▸ **TASK STATEMENT**
Repeat the data word for word, excluding every picture.

▸ **RECORDED DATA**
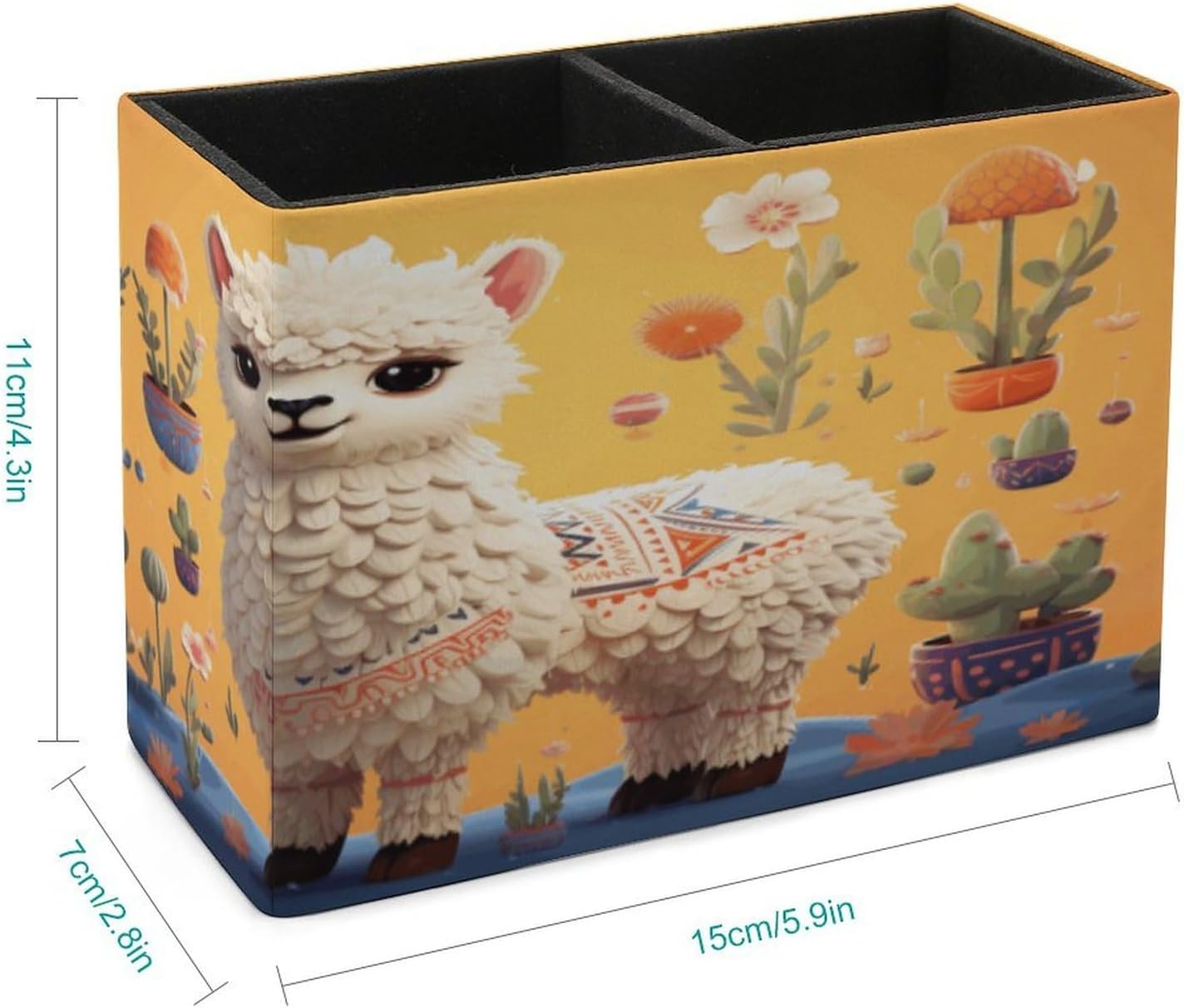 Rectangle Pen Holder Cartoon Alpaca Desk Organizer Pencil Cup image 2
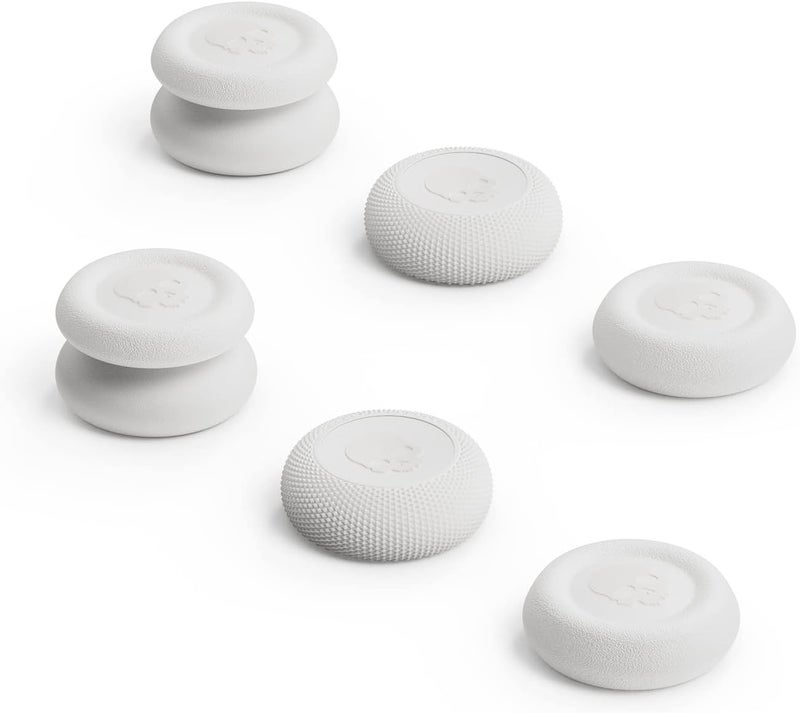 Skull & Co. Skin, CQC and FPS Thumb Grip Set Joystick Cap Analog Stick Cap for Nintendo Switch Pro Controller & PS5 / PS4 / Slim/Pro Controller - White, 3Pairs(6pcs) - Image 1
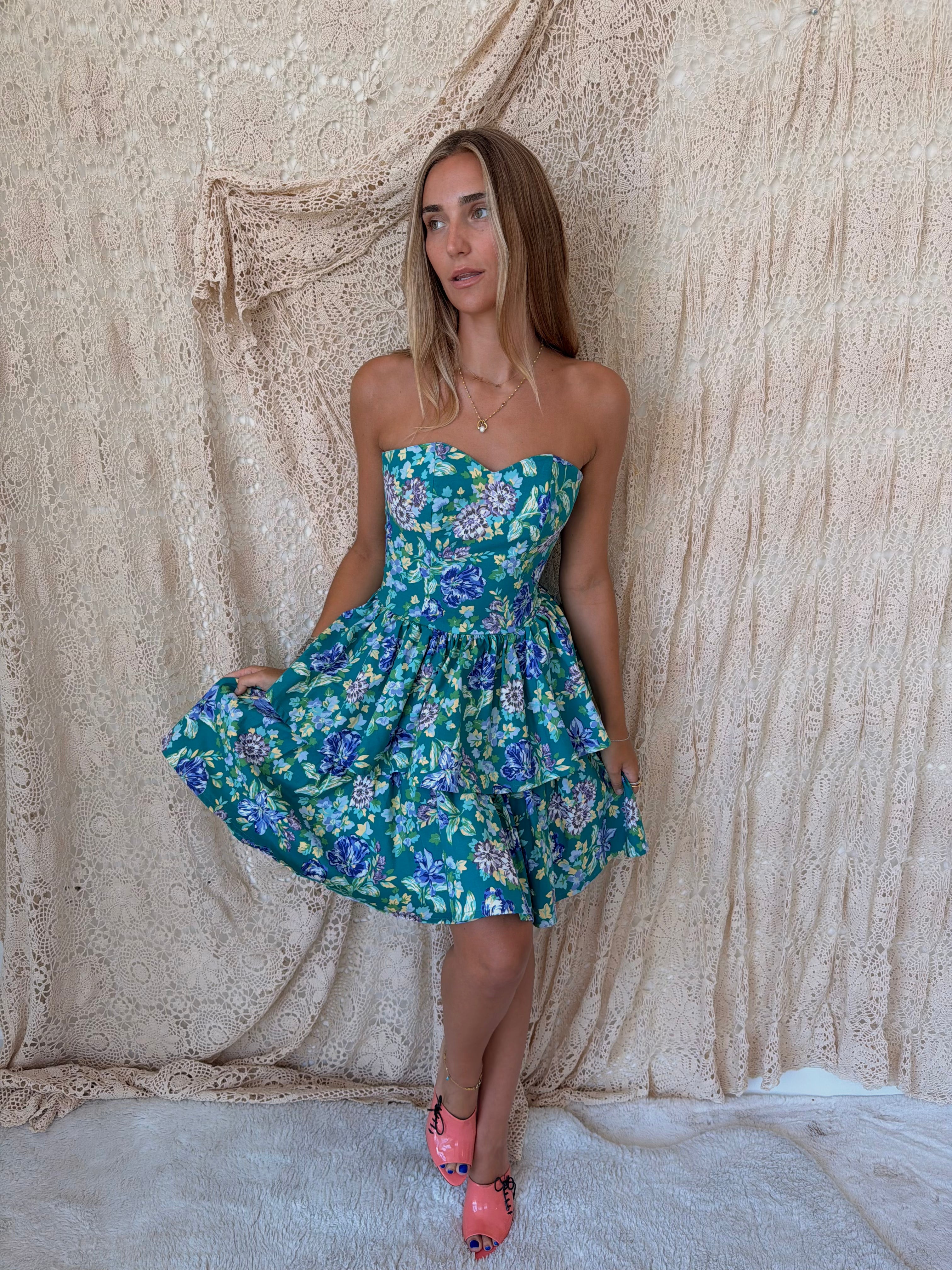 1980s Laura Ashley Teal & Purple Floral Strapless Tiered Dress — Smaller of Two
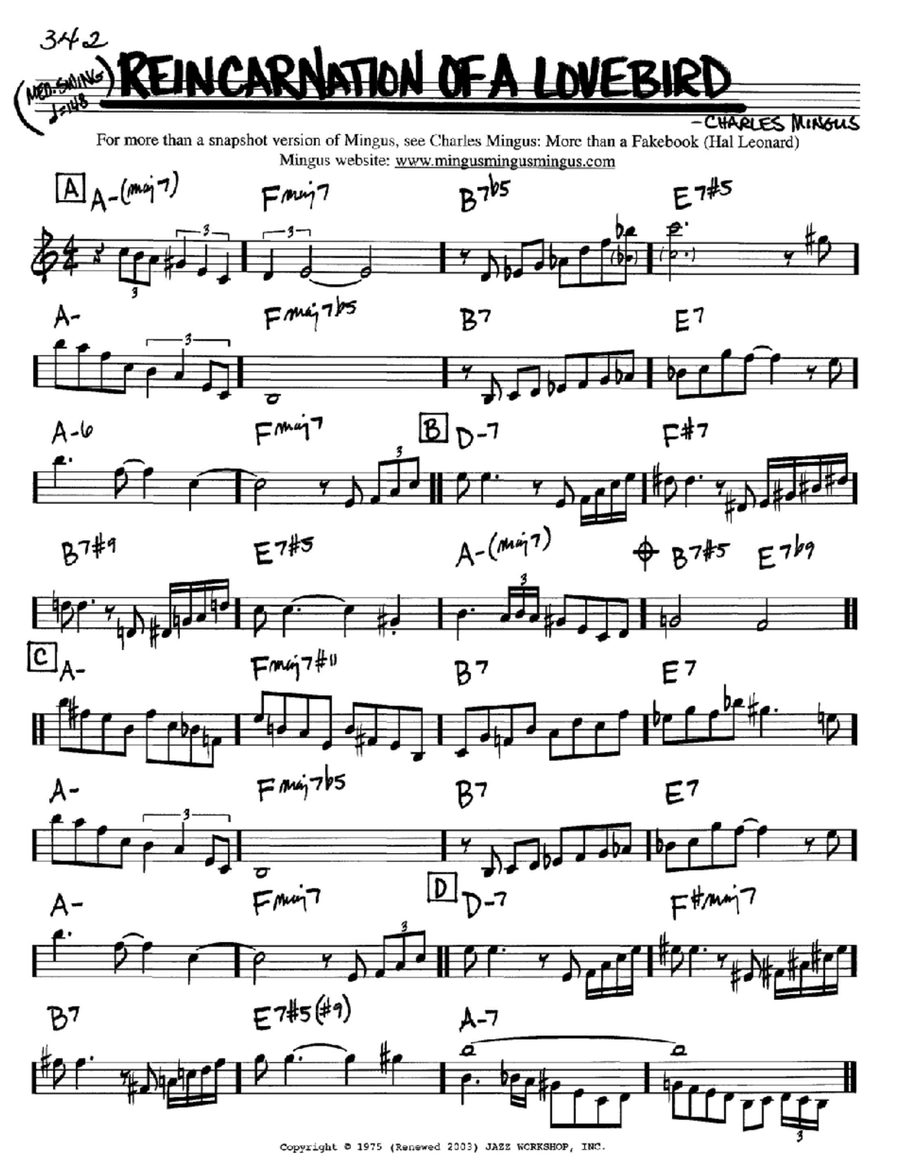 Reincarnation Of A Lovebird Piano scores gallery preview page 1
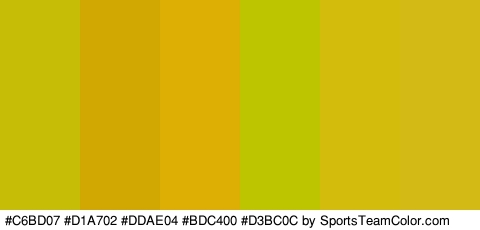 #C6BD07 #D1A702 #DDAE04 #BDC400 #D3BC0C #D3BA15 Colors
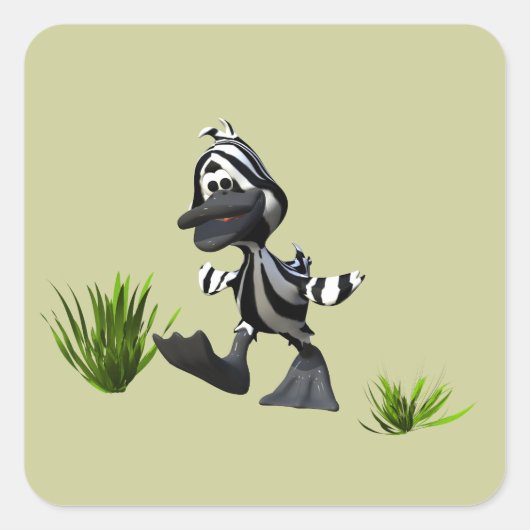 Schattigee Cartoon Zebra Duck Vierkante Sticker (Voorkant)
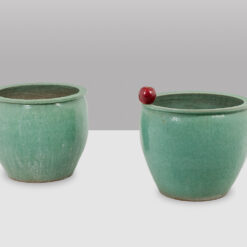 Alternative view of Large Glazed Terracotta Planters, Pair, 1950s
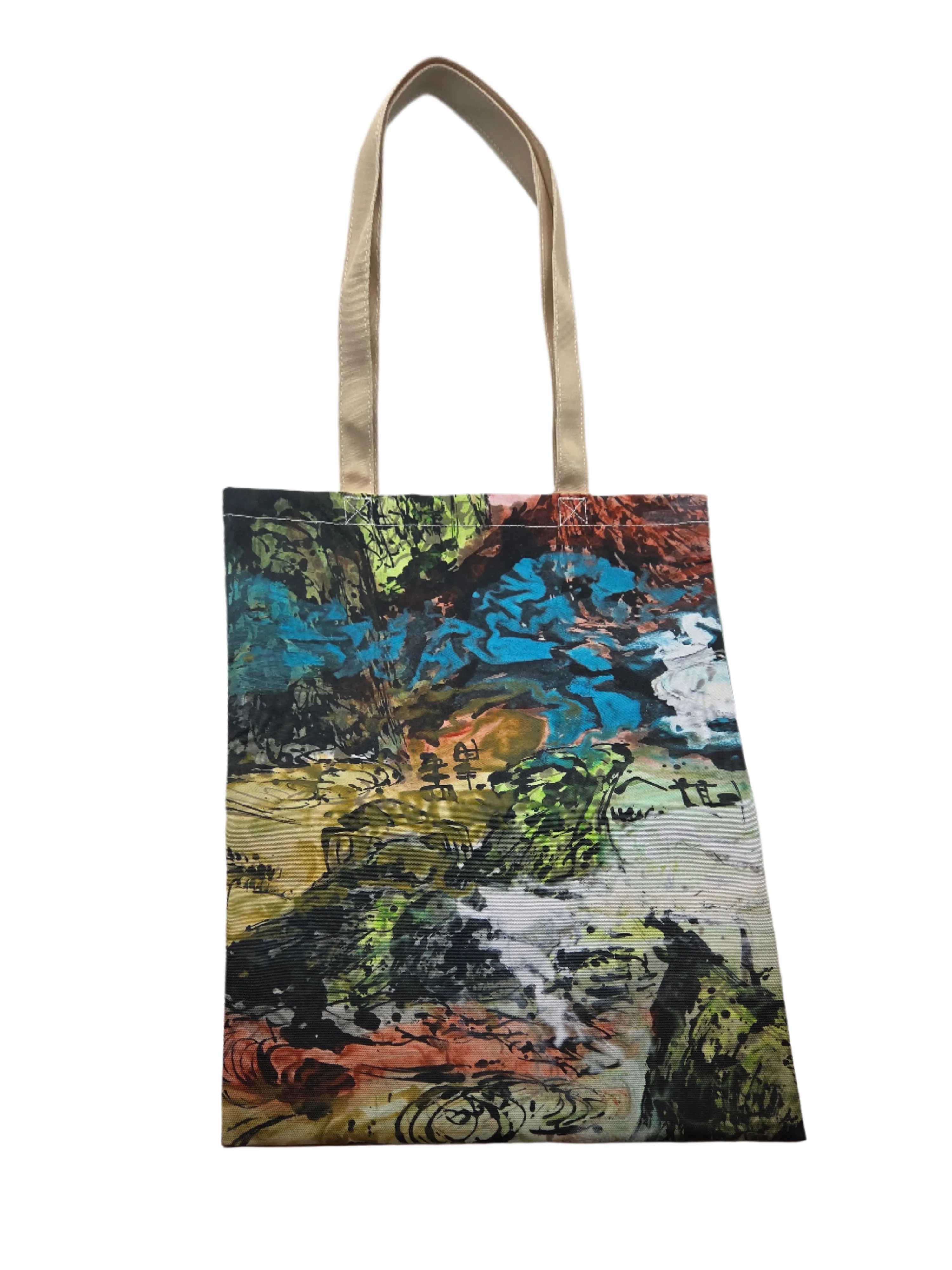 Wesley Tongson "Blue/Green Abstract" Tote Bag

▸ **WORKED SOLUTION**
 Rectangle Pen Holder Cartoon Alpaca Desk Organizer Pencil Cup image 2
 Skull & Co. Skin, CQC and FPS Thumb Grip Set Joystick Cap Analog Stick Cap for Nintendo Switch Pro Controller & PS5 / PS4 / Slim/Pro Controller - White, 3Pairs(6pcs) - Image 1
 1980s Laura Ashley Teal & Purple Floral Strapless Tiered Dress — Smaller of Two
 Reincarnation Of A Lovebird Piano scores gallery preview page 1
 #C6BD07 #D1A702 #DDAE04 #BDC400 #D3BC0C #D3BA15 Colors
 Schattigee Cartoon Zebra Duck Vierkante Sticker (Voorkant)
 Alternative view of Large Glazed Terracotta Planters, Pair, 1950s
 Wesley Tongson "Blue/Green Abstract" Tote Bag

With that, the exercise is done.